Nominations for the 1998 federal election closed at 12 noon on Thursday 10 September 1998. At previous federal elections, the nominations received were publicly declared as soon as possible following the close of nominations. At the 1998 federal election, following legislative change, nominations were publicly declared 24 hours after the close of nominations.
Nationally, 1 438 people nominated as candidates in the 1998 federal election.* This figure included 329 candidates for the Senate and 1 109 candidates for the House of Representatives. There were 1 039 male candidates and 399 female candidates.
*Division of Newcastle: At the close of nominations on 10 September 1998 a total of eight candidates had nominated in the Division of Newcastle. However, due to the death of a candidate prior to polling day the election in this Division did not go ahead on 3 October. Instead a supplementary election was held on 21 November 1998 where, following a separate close of nominations, 11 candidates stood for election. The nomination figures used in this publication include this second nominations figure of 11 (i.e. the original eight are not counted).
The tables below outline the number of nominations by State and Territory for both the Senate and the House of Representatives, and provide the number of candidates from the 1996 federal election for comparison.
|1998 federal election||1996 federal election|
|State/Territory||Seats||Candidates||Groups||Ungrouped candidates||Candidates||Groups||Ungrouped candidates|
|1998 federal election||1996 federal election|
Some particular points of interest from the 1998 federal election:
Nominations were entered into the computerised nominations system at AEC Divisional Offices for House of Representatives candidates and at AEC State and Territory Head Offices for Senate candidates.
The system produced a number of reports which were provided to the media, candidates, political parties and other interested people.
This list of candidates was also used for other components of the AEC's computerised election management system, for example in the production of House of Representatives ballot papers.
A national list of candidates was available soon after the last declarations of nominations were held in Western Australia. The list was distributed to members of the media, political parties, candidates and other persons in the early evening of Friday 11 September 1998. The national list of candidates was also placed on the AEC Internet website.
The order in which candidates' names appeared on the ballot paper was determined by a random draw. The draws were conducted immediately following the public declarations of nominations and were open to candidates, media and the public.
The draws for Senate ballot paper positions were conducted by each AEO at their capital city Head Office. The draws for positions on the House of Representatives ballot papers were conducted by DROs at each of the 148 Divisional Offices.
A double randomised system was used for the draws for both the House of Representatives and the Senate. In the House of Representatives there were two draws. The first draw gave each candidate a number and the second draw determined the order in which each candidate appeared on the ballot paper.
The same process occurred for the Senate; however, it was in two parts. In the first part there were two draws for grouped candidates, and in the second, there were two draws for ungrouped candidates. The Senate draws were conducted in this order because groups appear before ungrouped candidates on the ballot paper.

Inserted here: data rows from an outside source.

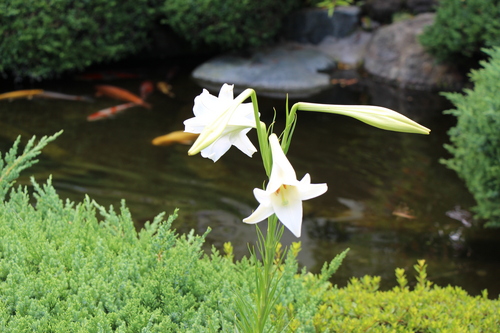 富士山温泉ホテル鐘山苑：庭園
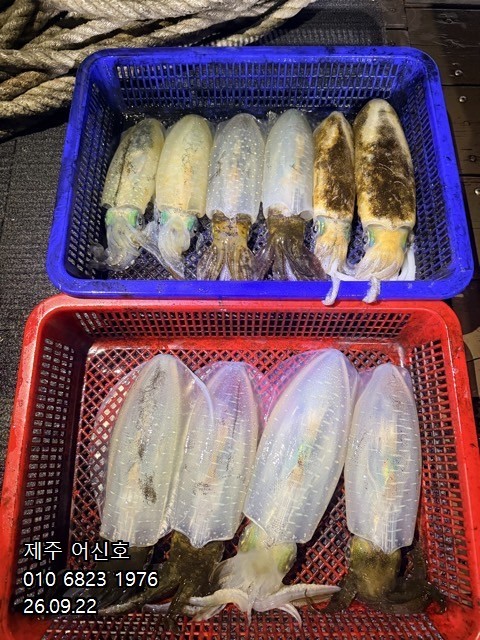 9월 21일 제주 갑오징어 선상낚시 조황 현장 사진 3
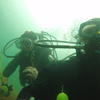 Picture taken during the dive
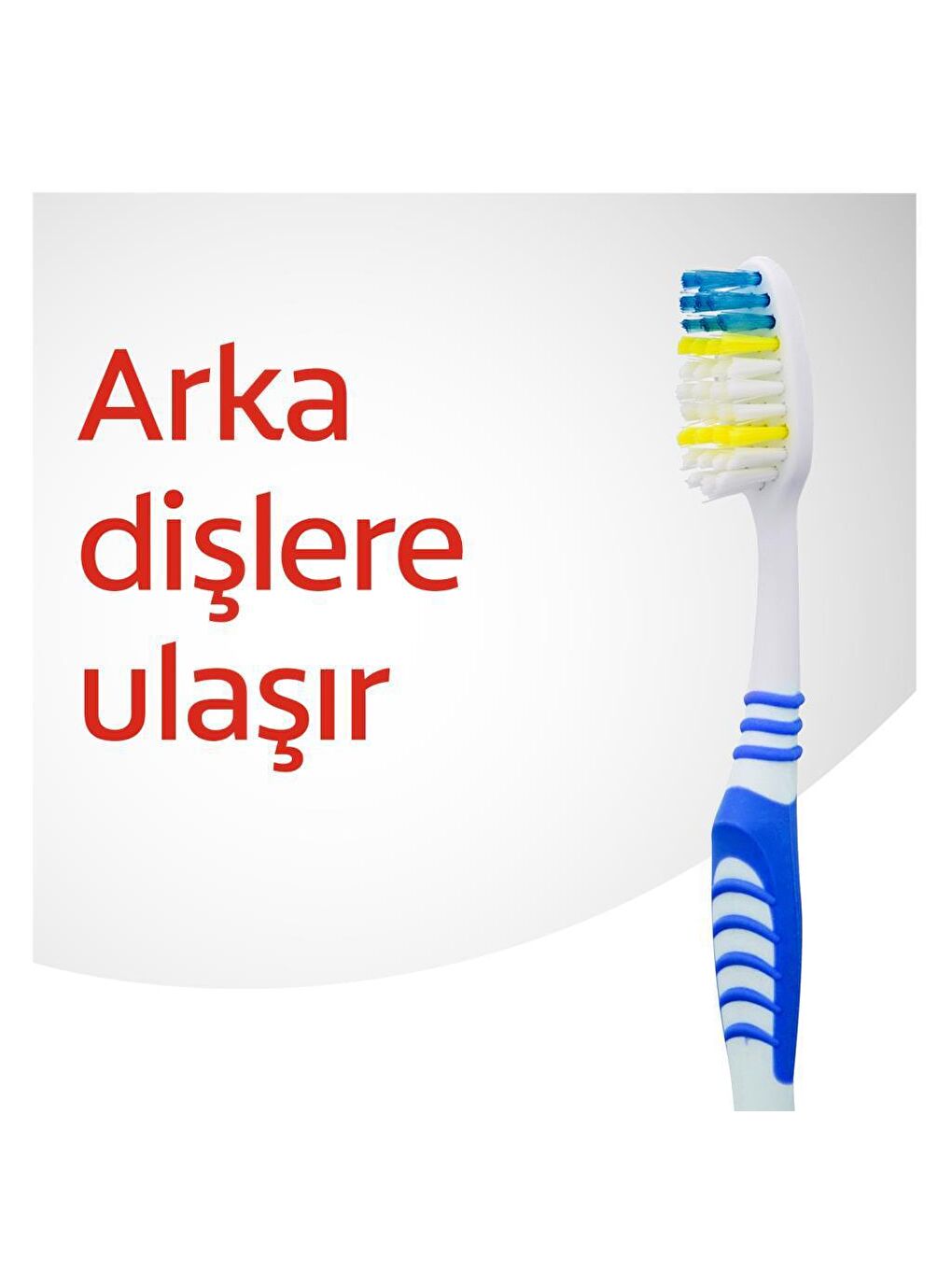 Colgate Karışık Extra Clean Orta Diş Fırçası 1+1 x 2 Adet + Diş Fırçası Kabı Hediye - 1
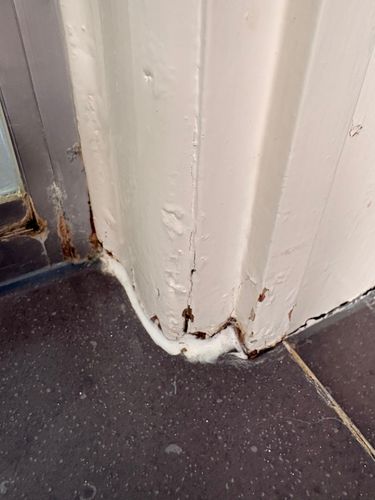 IMG_3670.jpeg IMG_3670.jpeg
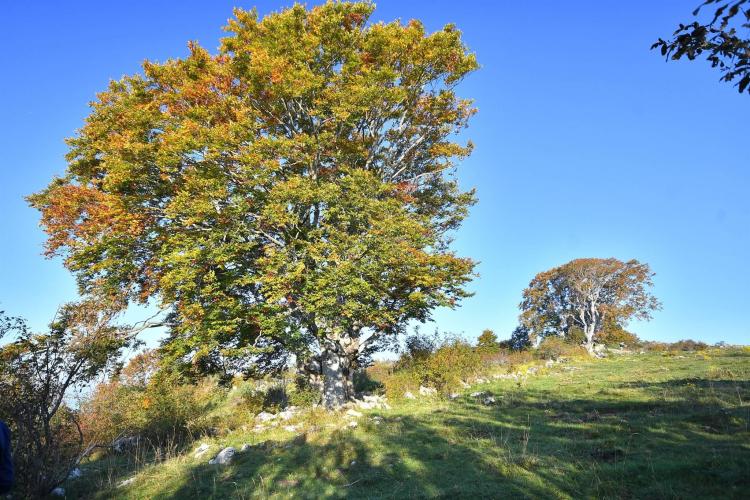 Faggi secolari di Monte Busimo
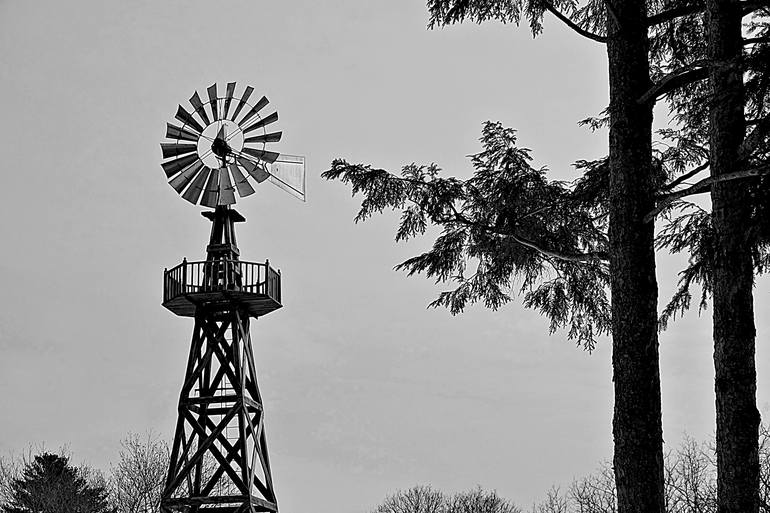 windmill limited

Within 24 hours of the public declaration of nominations, Senate groups were able to lodge a voting ticket with the relevant State or Territory AEO. A voting ticket is a written statement setting out a preference ordering of all candidates in the election. When voters chose to vote for a group above the line on the Senate ballot paper, their preferences followed the ordering lodged by the Group.
A poster setting out copies of all voting tickets lodged in that State or Territory was displayed at every polling booth on polling day.